**Raw data**
_ _ _ _ _ _ _
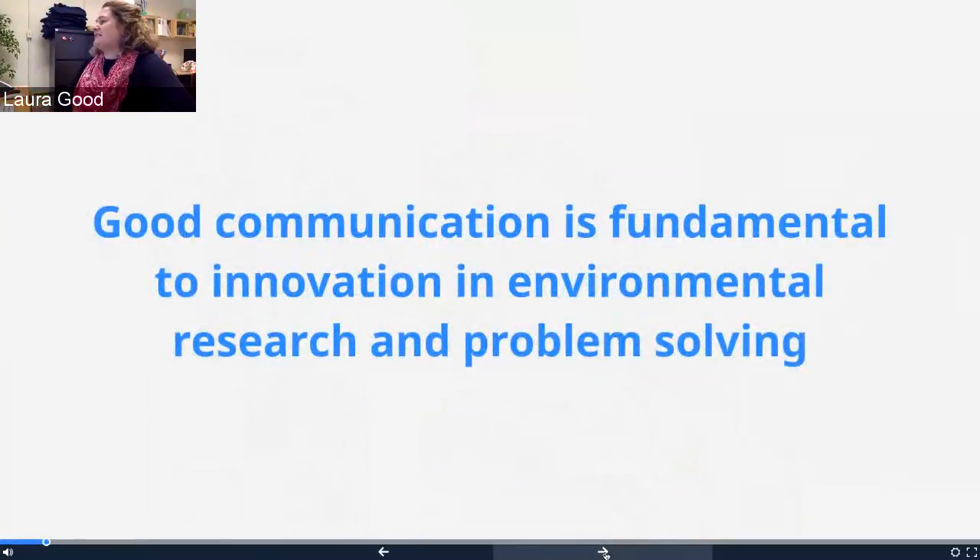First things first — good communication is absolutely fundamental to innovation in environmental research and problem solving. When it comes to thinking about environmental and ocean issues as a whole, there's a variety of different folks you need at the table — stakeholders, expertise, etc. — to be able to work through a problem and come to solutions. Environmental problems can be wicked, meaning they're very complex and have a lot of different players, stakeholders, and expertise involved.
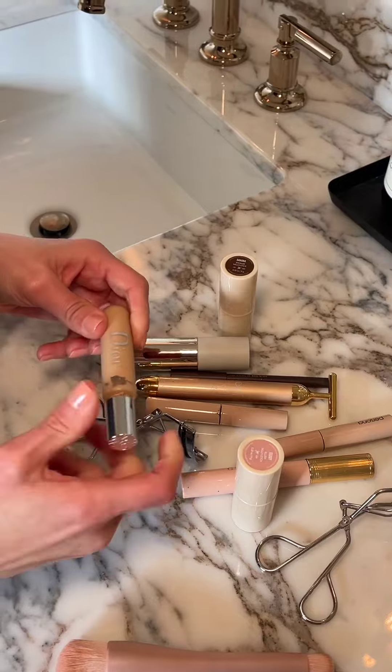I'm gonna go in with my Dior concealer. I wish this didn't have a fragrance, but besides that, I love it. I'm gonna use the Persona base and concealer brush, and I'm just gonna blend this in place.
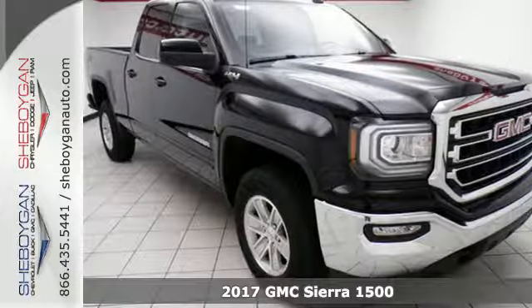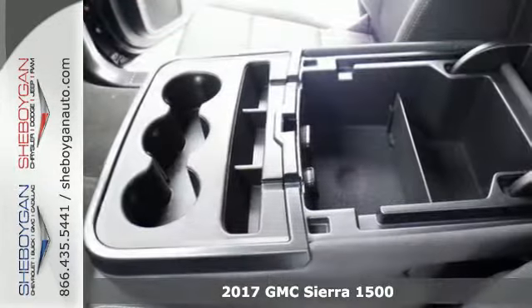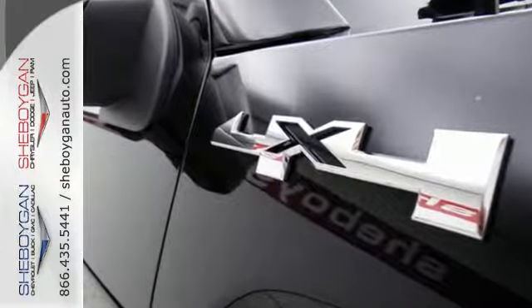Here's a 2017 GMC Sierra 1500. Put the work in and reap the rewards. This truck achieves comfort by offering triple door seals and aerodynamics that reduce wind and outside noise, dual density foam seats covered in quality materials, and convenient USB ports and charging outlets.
_ _ _ _ _ _ _
**What to work on**
Reproduce the whole of the data, word for word, and omit its pictures.

**Completed task**
First things first — good communication is absolutely fundamental to innovation in environmental research and problem solving. When it comes to thinking about environmental and ocean issues as a whole, there's a variety of different folks you need at the table — stakeholders, expertise, etc. — to be able to work through a problem and come to solutions. Environmental problems can be wicked, meaning they're very complex and have a lot of different players, stakeholders, and expertise involved.
I'm gonna go in with my Dior concealer. I wish this didn't have a fragrance, but besides that, I love it. I'm gonna use the Persona base and concealer brush, and I'm just gonna blend this in place.
Here's a 2017 GMC Sierra 1500. Put the work in and reap the rewards. This truck achieves comfort by offering triple door seals and aerodynamics that reduce wind and outside noise, dual density foam seats covered in quality materials, and convenient USB ports and charging outlets.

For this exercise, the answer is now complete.